Loot, theatre review: Greying comedy shows times and tastes have changed

Dated: Joe Orton's plays haven't aged well: Darren Bell
Dated: Joe Orton's plays haven't aged well: Darren Bell

Time hasn’t been kind to the plays of Joe Orton, the 50th anniversary of whose death fell recently. His stock-in-trade of cocking a snook at established authorities and norms – here religion, the police, sexual mores and accepted morality - caused scandal and outrage in the 60s, but now just seems rather sad and unsavoury.

Loot, a pitch-black comedy that teeters permanently on the edge of farce, is finally being presented in its uncensored form, having previously fallen foul of the strictures of the ever-officious Lord Chamberlain. It may have won the Best Play prize at the 1967 Standard awards, but times, as well as tastes in theatre, have changed.

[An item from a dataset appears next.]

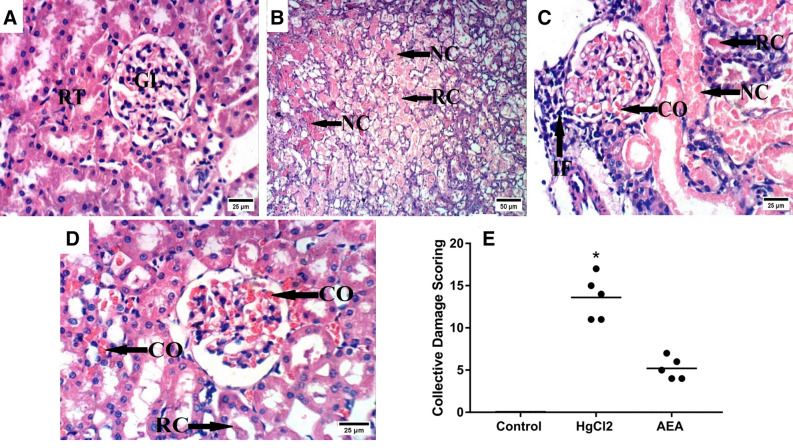 Effect of AEA on HgCl2-induced histopathology alterations. Microscopically, the section of the (A) normal control group reveals the normal histological architecture of renal parenchyma (normal renal tubules and glomeruli). In contrast, the sections of the (B,C) HgCl2-untreated rats show notable histopathological damage characterized by congestion of glomerular tufts, marked coagulative necrosis of epithelial lining renal tubules, renal cast in the lumen of renal tubules, and inflammatory cells infiltration. On the other hand, the section of the (D) AEA-treated group shows an improved picture with milder congestion of glomerular tufts and renal blood vessels as well as renal cast in the lumen of some renal tubules. All black arrows point to the altered structure in the section (scale bar = 25;50). Panel (E) illustrates the collective kidney damage score scatter blot; and data were analyzed using the Kruskal–Wallis test followed by Dunn’s post hoc test. Values were calculated from 5 fields of n = 3 rats/group; as compared with *P < 0.05 compared with CONT group. AEA anandamide, HgCl2 mercuric chloride.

It doesn’t help that Michael Fentiman’s tonally uncertain production cannot sustain the giddy, spinning heights of absurdity and incredulity that this piece will always require in order to survive and thrive.

It’s intermittently amusing but predominantly laboured, as the loot from a bank robbery ends up in the coffin of a recently deceased woman (all credit to Anah Ruddin for gamely playing the corpse, which is lugged about mercilessly).

Former Evening Standard Emerging Talent nominee Calvin Demba plays one of the bungling no-goods who carried out the robbery; his partner in crime, and maybe more, is Hal (Sam Frenchum), son of the deceased.

Christopher Fulford has some fun as Truscott, the manic police inspector who insists that he’s from the water board, but the brightest spark is undoubtedly Sinéad Matthews as Fay, the nurse who tended to the late Mrs McLeavy. A mischievous smile and lilting voice hides deadly intent; it’s revealed that Fay has buried seven husbands in a decade. Even so, it’s exceedingly hard to care who, if anyone, walks off with the spoils.